A. Alexander Katz, Phoenix, Ariz. (argued), for plaintiff.

Michael B. Scott (argued), William C. Smitherman, U. S. Atty., N. Warner Lee, Asst. U. S. Atty., Phoenix, Ariz., for defendant.

Sheldon Mitchell, American Civil Liberties Union, Phoenix, Ariz., for amicus curiae.

OPINION

Before CARTER and HUFSTEDLER, Circuit Judges, and PREGERSON,*  District Judge.

JAMES M. CARTER, Circuit Judge (dissenting):

The majority has made the following order:

"The cause is remanded to the district court for the limited purpose of its answering the following question:

"In dismissing the 'petition' for lack of jurisdiction, did the court deem the 'petition' theretofore amended to state a claim under the Tucker Act (28 U.S.C. § 1346(a) (2)), as requested by petitioner-plaintiff in his memorandum filed March 17, 1971?"

The order is an exercise in futility. The majority is apparently intrigued by the prospect of a constitutional attack on the present statutes governing forfeiture of automobiles.

The appellant filed in the United States District Court a "petition" for a remission of forfeiture of an automobile. The United States was named as respondent. Appellant was not a party to the security agreement on the car but was an accommodation endorser of a promissory note. Later, after paying off the note, he claimed to be subrogated to the title to the car.

The district court, on the Government's motion, dismissed the action for lack of jurisdiction.

The petitioner in a reply memorandum in the district court had requested the pleading be amended to show reliance on the Tucker Act, 28 U.S.C. § 1346(a) (2). No motion, as such, was made to amend the "petition". He urges here jurisdiction under that Act to support his claim.
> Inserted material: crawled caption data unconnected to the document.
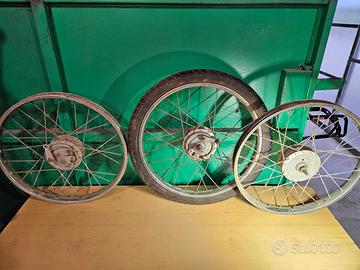 Cerchi Radaelli Piaggio ciao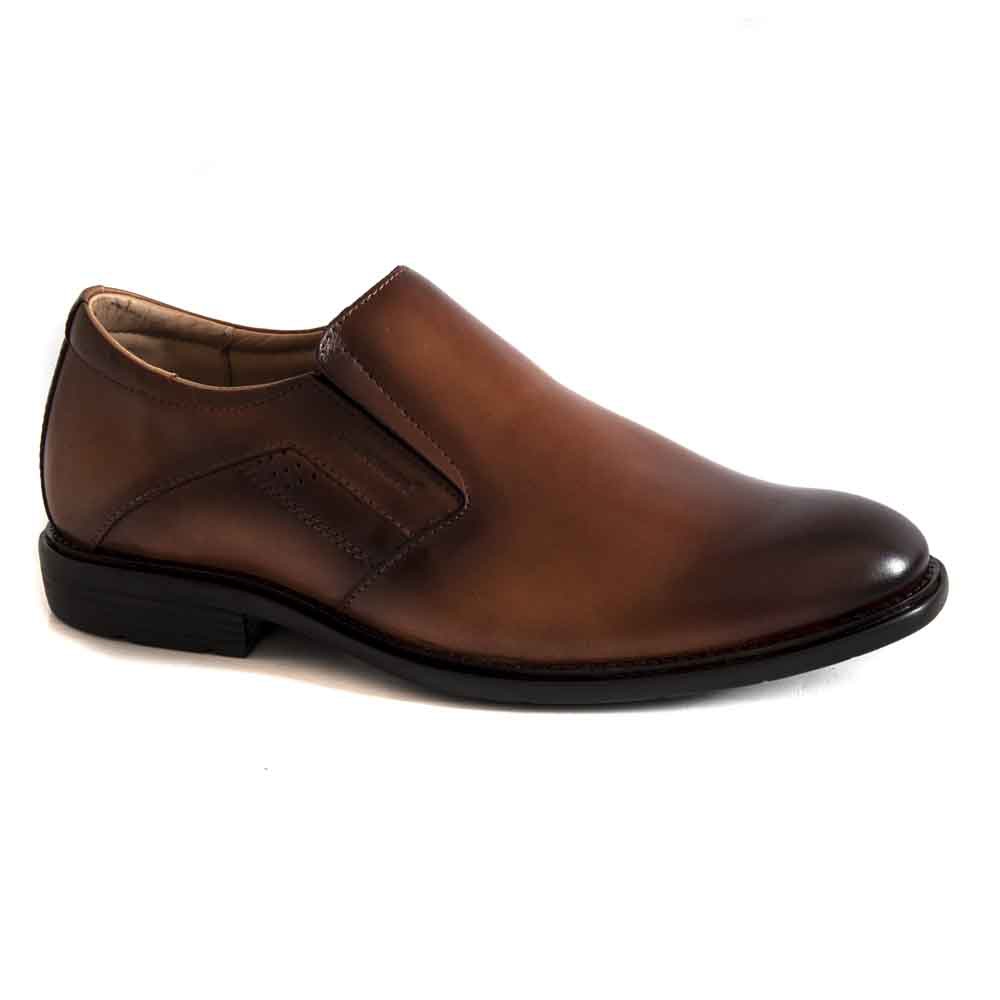 Sapato Social Super Leve Sapatoterapia Cognac Cerato 42901 | SAPATOTERAPIA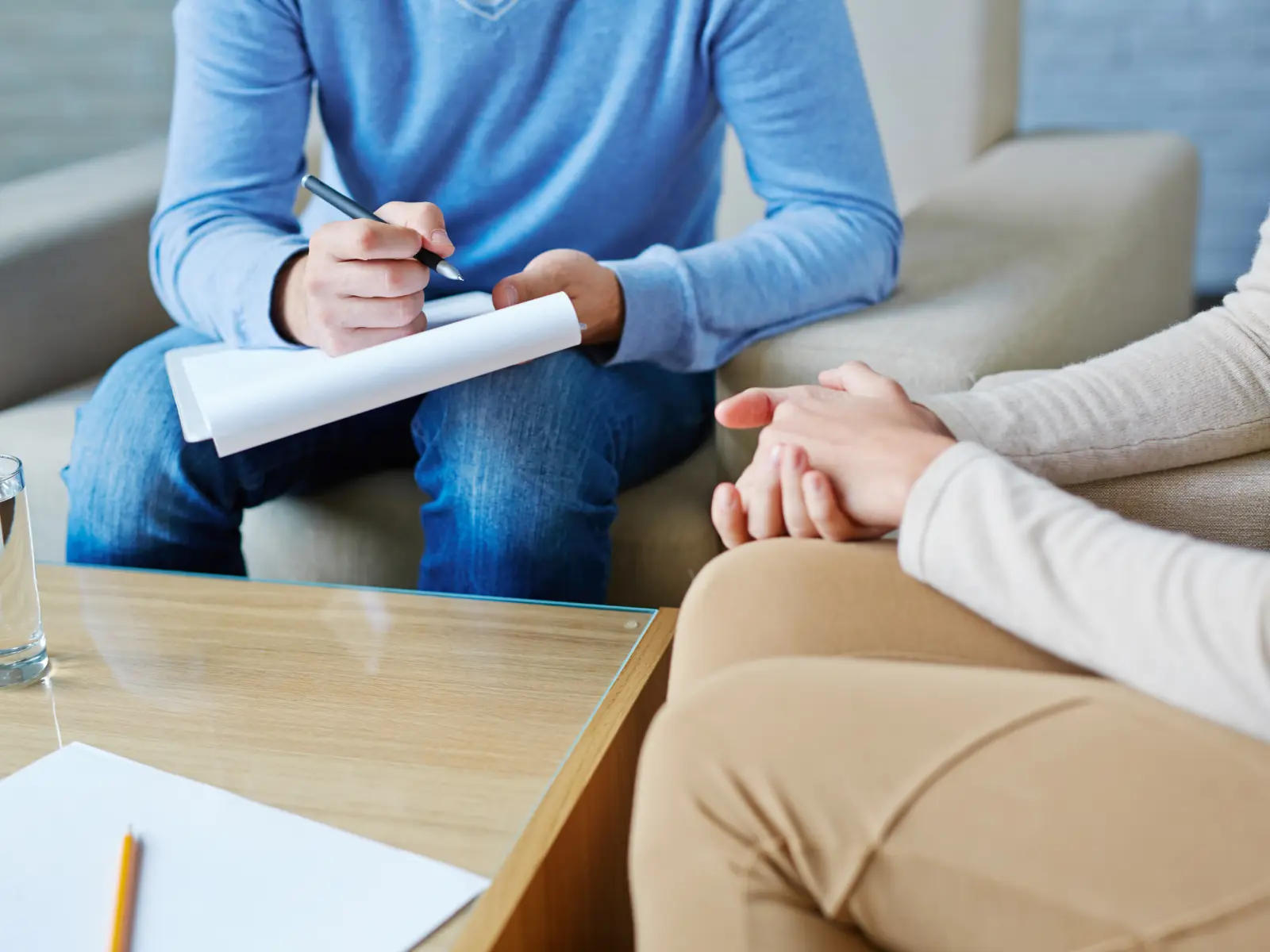 Consulta de psicologia da Entre Afetos em Setúbal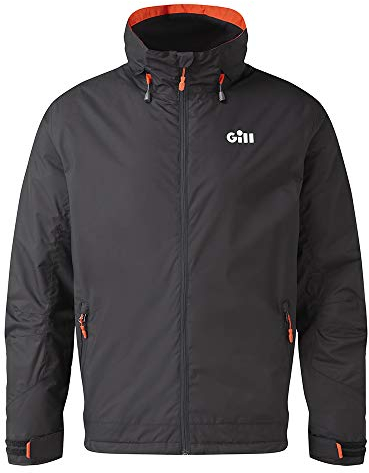 Gill Mens Navigator Segeln Yachting und Beiboot Mantel Jacke - Graphite - Thermal Warm Heat Layer Layer Atmungsaktiv
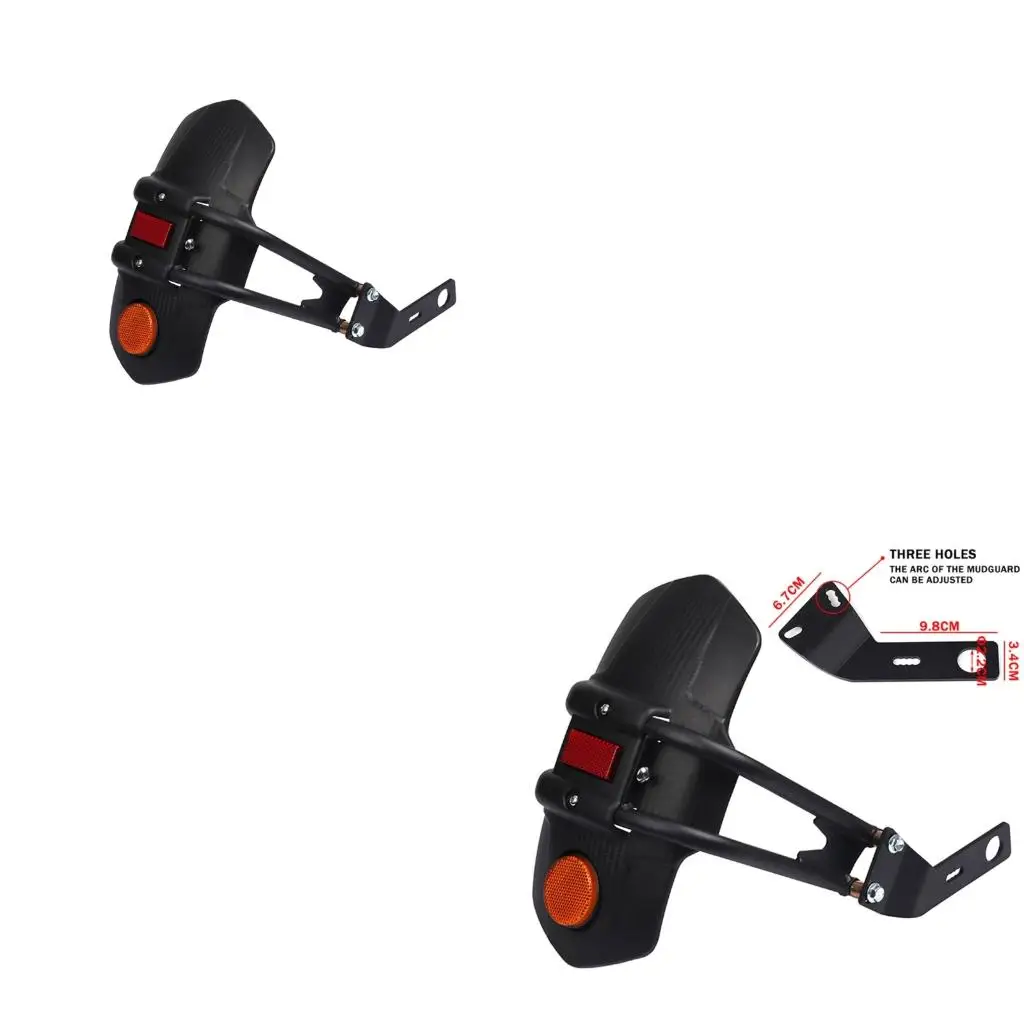 

Motorcycle Rear Mudguard Motorcycle Accessory Guard Motorcycle Modification Simple Installation Built for GSXR 600 750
The district court correctly dismissed for lack of jurisdiction. Unlike most forfeiture cases, the Government is not the plaintiff.

We need not determine now, or when the case comes back to us, whether the court relied upon the Tucker Act, 28 U.S.C. § 1346, for dismissal of the action. Under the law of this Circuit, even where the Government is the plaintiff in the action, obviating any problem of the right to sue the Government under the Tucker Act, our cases squarely hold that there is no jurisdiction in the court to grant the relief requested. United States v. Andrade (9 Cir. 1950), 181 F.2d 42; United States v. Bride (9th Cir. 1962), 308 F.2d 470, 474, and United States v. One 1967 Ford Mustang (9 Cir. 1972), 457 F.2d 931. See United States v. Wagner (9 Cir. 1970), 434 F.2d 627.

There are cases in other circuits which hold that the Tucker Act, 28 U.S.C. § 1346, provides jurisidction for an action against the Government to mitigate a forfeiture. United States v. One 1961 Red Chevrolet Impala Sedan (5 Cir. 1972), 457 F.2d 1353 (Tucker Act jurisdiction conceded by the Government); Menkarell v. Bureau of Narcotics (3 Cir. 1972), 463 F.2d 88, and Jaekel v. United States (S.D.N.Y. 1969), 304 F. Supp. 993. We can find none in the Ninth Circuit.

Even if the district court, in answer to the question posed to it in the order, states that it deemed the petition amended to state a claim under the Tucker Act, we would still have to affirm under the authorities above, or take the case in banc to overrule them.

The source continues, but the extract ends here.